# Tool demo's



## Ladrywall (Jul 30, 2013)

Wish Columbia or some of the other top tool companies had a demo program where you could demo tools before purchasing them. Maybe they could take a deposit in case of damage or the tool not being returned. In my case I've only been using the tools for 1 1/2 years and am having good luck. However, I would like to be able to test different methods (ex. 3.5" angle head behind 3" flusher instead of 3" AH behind 2.5 flusher) Just hate to spend the money on tools that may not work as well as what I'm currently doing.

I'm using a 2.5 flusher now behind the bazooka and a 3" AH. It seems to leave a little too much mud for the 2.5 and does not feather out as well as i think it should.
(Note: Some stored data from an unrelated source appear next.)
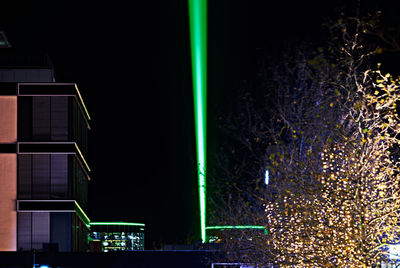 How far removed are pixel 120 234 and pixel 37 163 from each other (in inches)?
4340

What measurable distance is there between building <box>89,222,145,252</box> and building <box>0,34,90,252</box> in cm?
10539

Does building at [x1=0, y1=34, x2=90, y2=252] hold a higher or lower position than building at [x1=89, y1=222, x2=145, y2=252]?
higher

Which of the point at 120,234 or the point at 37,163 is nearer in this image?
the point at 37,163

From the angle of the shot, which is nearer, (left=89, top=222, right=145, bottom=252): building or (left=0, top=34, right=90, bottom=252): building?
(left=0, top=34, right=90, bottom=252): building

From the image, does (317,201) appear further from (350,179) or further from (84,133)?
(84,133)

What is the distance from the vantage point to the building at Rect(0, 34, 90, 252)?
41.2 metres

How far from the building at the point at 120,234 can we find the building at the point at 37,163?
4149 inches

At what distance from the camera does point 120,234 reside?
15038cm

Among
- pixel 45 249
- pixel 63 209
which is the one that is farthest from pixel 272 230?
pixel 63 209

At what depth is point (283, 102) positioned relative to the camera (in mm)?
29109

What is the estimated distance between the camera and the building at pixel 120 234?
488 ft

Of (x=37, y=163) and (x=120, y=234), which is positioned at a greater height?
(x=37, y=163)

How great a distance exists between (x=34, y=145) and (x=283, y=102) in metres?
18.7

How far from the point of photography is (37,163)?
1661 inches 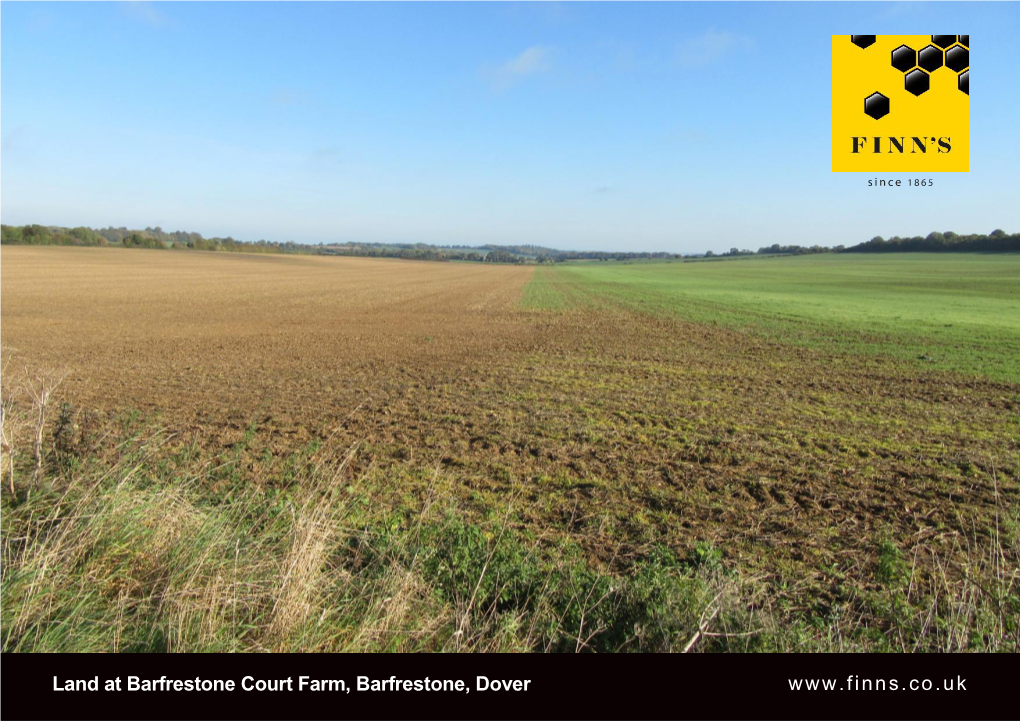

Wondering how a 3" flusher would work but then i'd need a 3.5 AH. Decisions, decisions.

I should probably leave well enough alone as the finished product looks great but I cant help but tinker to try and increase productivity and decrease prep. (sanding, spoting corner edges and such)

Anyway, the demo thing was just a random thought I had, I'm sure it's been thought of before.


----------



## Bazooka-Joe (Dec 31, 2010)

Ladrywall said:


> Wish Columbia or some of the other top tool companies had a demo program where you could demo tools before purchasing them. Maybe they could take a deposit in case of damage or the tool not being returned. In my case I've only been using the tools for 1 1/2 years and am having good luck. However, I would like to be able to test different methods (ex. 3.5" angle head behind 3" flusher instead of 3" AH behind 2.5 flusher) Just hate to spend the money on tools that may not work as well as what I'm currently doing.
> 
> I'm using a 2.5 flusher now behind the bazooka and a 3" AH. It seems to leave a little too much mud for the 2.5 and does not feather out as well as i think it should. Wondering how a 3" flusher would work but then i'd need a 3.5 AH. Decisions, decisions.
> 
> ...


 
that's my system and will never go back to a sh$tty 2 dot 5 for the reason it rides on the bevel, 3.5 runs just over and never a service work for the contractor, 

Getting info from Buys like Gaz, old man Moore as you can tell in his Vietnam pics,

anyhoo lotsa others who been behind these tools for years, 

Note if all-wall don't carry it forget it......:yes:


----------



## Mudstar (Feb 15, 2008)

Bazooka-Joe said:


> that's my system and will never go back to a sh$tty 2 dot 5 for the reason it rides on the bevel, 3.5 runs just over and never a service work for the contractor,
> 
> Getting info from Buys like Gaz, old man Moore as you can tell in his Vietnam pics,
> 
> ...


not sure who makes your board but I've never seen a bevel over 2.5 JS.


----------



## Bazooka-Joe (Dec 31, 2010)

Mudstar said:


> not sure who makes your board but I've never seen a bevel over 2.5 JS.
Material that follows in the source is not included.